**Exercise requirements**
Give the data again exactly, stopping after the "Etui Folio do" line.

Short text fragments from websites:
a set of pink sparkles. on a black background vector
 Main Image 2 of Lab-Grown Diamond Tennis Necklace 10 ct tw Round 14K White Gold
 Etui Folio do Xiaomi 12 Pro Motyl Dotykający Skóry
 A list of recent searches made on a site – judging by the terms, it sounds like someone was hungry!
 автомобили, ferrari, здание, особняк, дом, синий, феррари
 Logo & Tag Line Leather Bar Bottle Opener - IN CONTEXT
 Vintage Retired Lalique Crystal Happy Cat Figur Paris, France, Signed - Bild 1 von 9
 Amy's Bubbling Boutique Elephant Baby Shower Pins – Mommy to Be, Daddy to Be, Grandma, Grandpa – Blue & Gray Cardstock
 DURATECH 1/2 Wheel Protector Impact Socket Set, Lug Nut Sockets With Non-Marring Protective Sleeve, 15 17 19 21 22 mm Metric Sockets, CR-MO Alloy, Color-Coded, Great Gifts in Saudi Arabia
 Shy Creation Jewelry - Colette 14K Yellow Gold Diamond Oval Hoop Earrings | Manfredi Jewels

**Solved exercise**
a set of pink sparkles. on a black background vector
 Main Image 2 of Lab-Grown Diamond Tennis Necklace 10 ct tw Round 14K White Gold
 Etui Folio do Xiaomi 12 Pro Motyl Dotykający Skóry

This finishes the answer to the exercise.